To Knot or Not
This question is one that comes up on many discussion boards, mailing lists, and anywhere stitchers gather to discuss their art. It is my opinion that there is no right answer. I am not fond of spending the time to knot my threads, but if the piece I am stitching will be handled a lot or washed more than once, then I knot my thread. It would make me sick if my hard work and time were unravelled through the process of laundering.

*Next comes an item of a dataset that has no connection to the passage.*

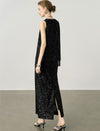 High-Waisted Sequin Column Midi Skirt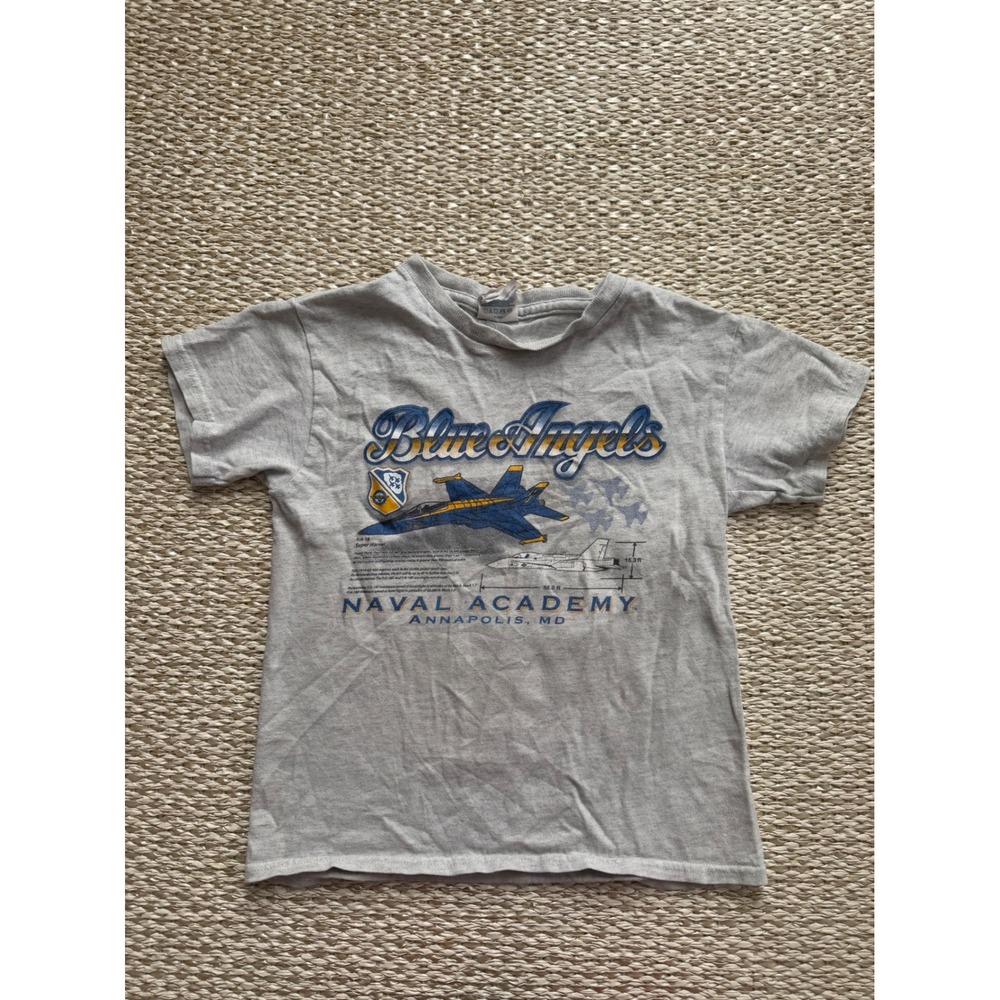 Vintage Blue Angels Naval Academy Annapolis MD Kids Graphic T-Shirt small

For pieces that will be framed or backed, I am comfortable with not knotting. In these cases, I run my thread under a few stitches (on the backside of the piece) and am careful with the first couple stitches of my new length (so I don’t pull the floss all the way through the cloth). If it is an area of the piece where there are no existing stitches to catch the end of the thread, I leave an extra long tail, and coax it under the floss as I stitch. This takes some practice and patience, but in the end, the back side of the work is more uniformly flat when you do not use knots. If you use a bit of padding cloth under the piece when you press it, and press from the front (being sure to protect the piece with a pressing cloth), then even a back full of big knots won’t make the front pocked and bumpy. I think a person would need to have a bit of similar cushioning perhaps under it if framing the finished design, to avoid the knots being obvious, but this is something you could easily experiment with.
Another method which I haven’t tried (mostly because I didn’t learn that way, and I always forget until I’m partly finished with a length of thread) is the loop method. You use one strand of floss, and poke both ends through the eye of your needle, leaving the loop at the tail end. When you start the new length, you bring your needle up from the back of the cloth, making sure the loop doesn’t pull all the way through, make your stitch, and pass the needle through the loop once, gently pull the floss snug, before bringing it up through the cloth for the second stitch. This method lets you stitch with a two-strand effect, with no knot or tail at the beginning of a fresh length of floss, and only one tail at the end to weave under existing stitches.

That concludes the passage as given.